[Items from a dataset]
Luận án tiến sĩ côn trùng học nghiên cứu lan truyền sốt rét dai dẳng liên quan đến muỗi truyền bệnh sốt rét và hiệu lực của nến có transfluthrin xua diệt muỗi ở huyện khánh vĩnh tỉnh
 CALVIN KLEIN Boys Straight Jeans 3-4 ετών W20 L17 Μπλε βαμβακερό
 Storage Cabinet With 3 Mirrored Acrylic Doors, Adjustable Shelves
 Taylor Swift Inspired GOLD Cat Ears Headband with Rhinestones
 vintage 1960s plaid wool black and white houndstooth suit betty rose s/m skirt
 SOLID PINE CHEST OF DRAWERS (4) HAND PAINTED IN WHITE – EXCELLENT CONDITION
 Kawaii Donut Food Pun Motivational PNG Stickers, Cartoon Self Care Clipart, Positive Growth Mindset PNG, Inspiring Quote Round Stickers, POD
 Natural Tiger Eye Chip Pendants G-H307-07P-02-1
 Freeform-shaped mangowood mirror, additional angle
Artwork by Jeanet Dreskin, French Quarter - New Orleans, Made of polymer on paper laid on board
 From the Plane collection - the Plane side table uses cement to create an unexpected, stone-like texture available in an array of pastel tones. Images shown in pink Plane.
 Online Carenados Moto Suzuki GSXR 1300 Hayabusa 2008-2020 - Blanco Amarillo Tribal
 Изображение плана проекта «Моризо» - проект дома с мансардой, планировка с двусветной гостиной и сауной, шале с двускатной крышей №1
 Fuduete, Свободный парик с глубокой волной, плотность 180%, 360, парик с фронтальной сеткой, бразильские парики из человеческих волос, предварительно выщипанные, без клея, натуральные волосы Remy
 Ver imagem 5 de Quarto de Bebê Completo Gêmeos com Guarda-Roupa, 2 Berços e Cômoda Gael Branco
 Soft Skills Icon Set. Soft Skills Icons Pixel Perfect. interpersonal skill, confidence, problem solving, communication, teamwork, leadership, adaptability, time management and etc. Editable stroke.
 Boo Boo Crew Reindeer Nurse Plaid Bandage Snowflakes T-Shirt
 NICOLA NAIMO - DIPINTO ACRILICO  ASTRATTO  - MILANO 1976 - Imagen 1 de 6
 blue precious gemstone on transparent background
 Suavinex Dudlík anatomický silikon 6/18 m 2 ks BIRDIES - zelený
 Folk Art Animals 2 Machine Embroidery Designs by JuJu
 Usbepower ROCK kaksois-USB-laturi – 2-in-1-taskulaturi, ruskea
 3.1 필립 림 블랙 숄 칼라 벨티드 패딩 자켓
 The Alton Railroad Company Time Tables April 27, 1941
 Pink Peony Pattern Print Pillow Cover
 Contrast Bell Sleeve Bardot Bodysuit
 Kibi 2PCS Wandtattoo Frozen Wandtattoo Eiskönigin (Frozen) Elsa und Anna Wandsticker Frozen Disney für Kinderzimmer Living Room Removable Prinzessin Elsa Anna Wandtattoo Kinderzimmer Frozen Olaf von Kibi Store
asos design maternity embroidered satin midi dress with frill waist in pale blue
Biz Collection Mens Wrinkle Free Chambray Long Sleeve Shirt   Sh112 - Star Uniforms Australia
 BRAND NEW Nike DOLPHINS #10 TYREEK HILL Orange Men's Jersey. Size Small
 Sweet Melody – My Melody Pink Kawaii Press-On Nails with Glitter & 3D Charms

Directions for this task:
Repeat, exactly as they stand above, the lines from the line with "Contrast Bell Sleeve Bardot Bodysuit" to the line with "Biz Collection Mens", both lines included.

Expected answer:
 Contrast Bell Sleeve Bardot Bodysuit
 Kibi 2PCS Wandtattoo Frozen Wandtattoo Eiskönigin (Frozen) Elsa und Anna Wandsticker Frozen Disney für Kinderzimmer Living Room Removable Prinzessin Elsa Anna Wandtattoo Kinderzimmer Frozen Olaf von Kibi Store
asos design maternity embroidered satin midi dress with frill waist in pale blue
Biz Collection Mens Wrinkle Free Chambray Long Sleeve Shirt   Sh112 - Star Uniforms Australia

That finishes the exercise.